Teaching and Learning
The University places emphasis on enabling students to develop the independent learning capabilities that will equip you for lifelong learning and future employment, as well as academic achievement. A mixture of independent study, teaching and academic support through the personal academic tutoring system enables you to reflect on progress and build up a profile of skills, achievements and experiences that will enable you to flourish and be successful.
You are taught through a combination of;
- Lectures that give an introduction and overview of topics studied as part of the content of each module.
- Seminars, often featuring small group work and/or round table discussion of published and/or audio-visual materials. These support, extend and develop your knowledge of the topics introduced by lecture.
- Workshops focusing on preparation for a range of different types of assignment. These develop your understanding and competence for assignment work.
- Tutorials are one-to-one work with module tutors, usually focusing on assignment preparation or assignment feedback.
- Assessed and non-assessed, individual and/or group classroom presentations. These help you to the build the skills and confidence for presenting ideas and information in a supportive public environment.
In addition, meetings with personal academic tutors are scheduled on at least 4 occasions in the first year and three occasions in each of the other years of a course.
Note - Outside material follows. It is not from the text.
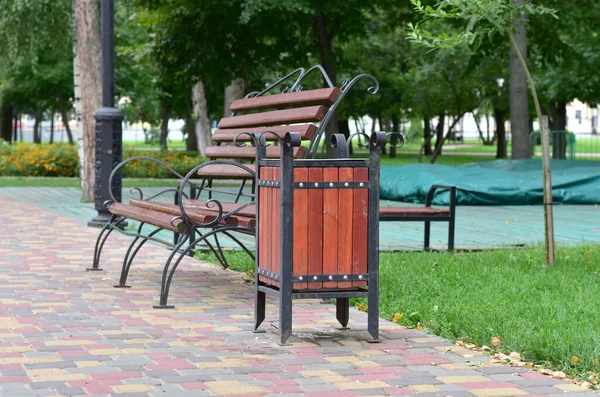 Lixeira de madeira em um parque da cidade. — Fotografia de Stock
You have an opportunity to gain and reflect upon a work-placement in your second year as part of a Work Project Module, supervised by the module tutor.
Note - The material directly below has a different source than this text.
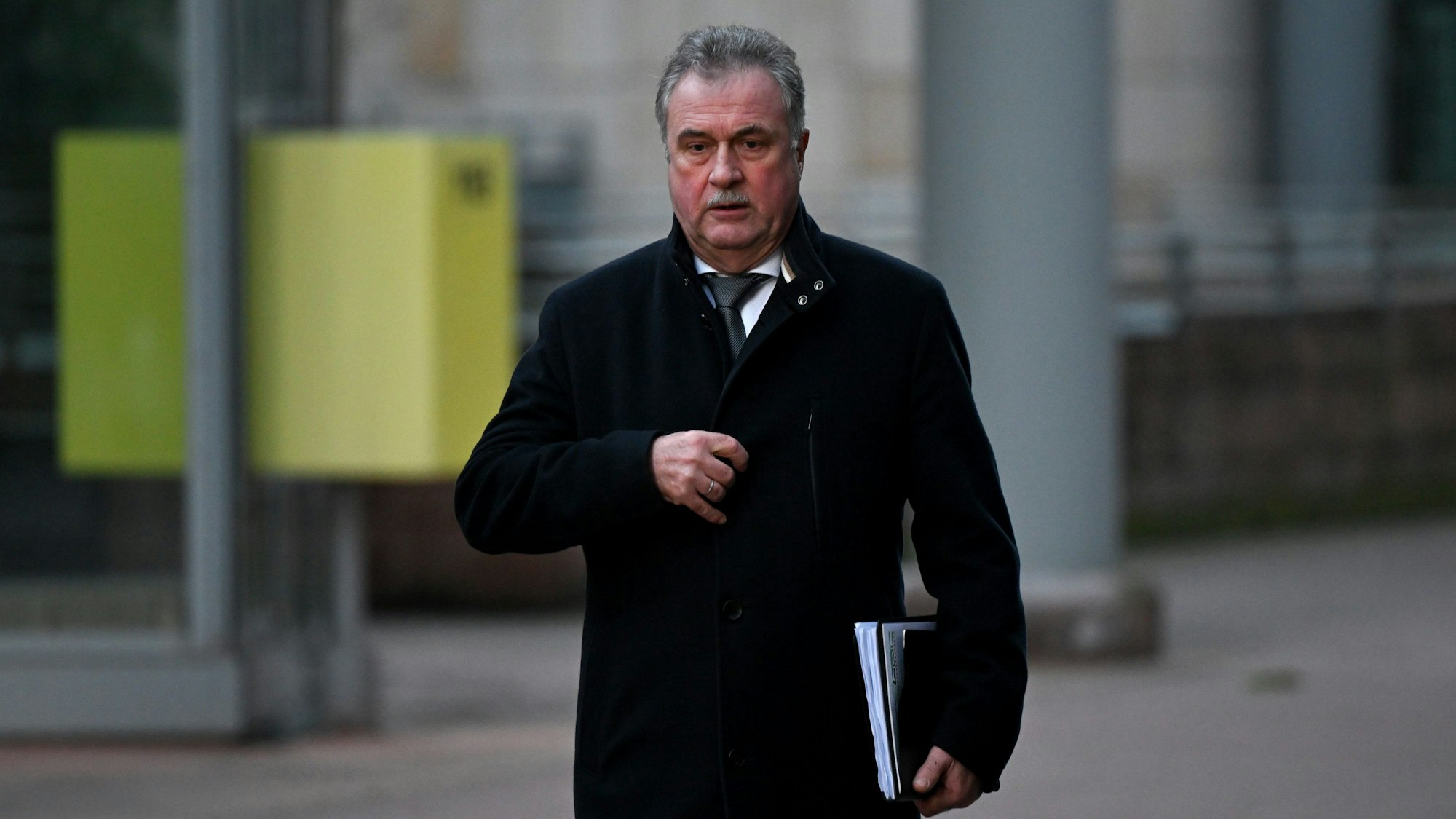 GDL-Chef Claus Weselsky kommt vor dem Landesarbeitsgericht Frankfurt am Main an. Danach verpasste er seinen Zug nach Berlin.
In a typical week you will have around 12 contact hours of teaching as a full time student studying four modules in a semester. The precise contact hours will depend on the optional modules selected and in the final year you will normally have slightly less contact time in order to do more independent study.
Typically class contact time will be structured around:
- Four one-hour lecturers or interactive large group sessions.
- Four two-hour seminar/workshop periods.
The three hours of contact for each module may be scheduled as a block, or with the lecture and seminar at different times.
In addition to the contact time, you are expected to undertake around 28 hours of personal self-study per week in teaching weeks and forty hours in the assessment weeks (when you are working on assignments at the end of the module).
Independent learning is supported by a range of excellent learning facilities, including the Hive and library resources, the virtual learning environment, and extensive electronic learning resources.
You will be taught by a teaching team whose expertise and knowledge are closely matched to the content of the modules on the course. The team includes Dr Luke Devine, Dr Simon Hardy, Dr Mehreen Mirza, Lesley Spiers and Mike Webb.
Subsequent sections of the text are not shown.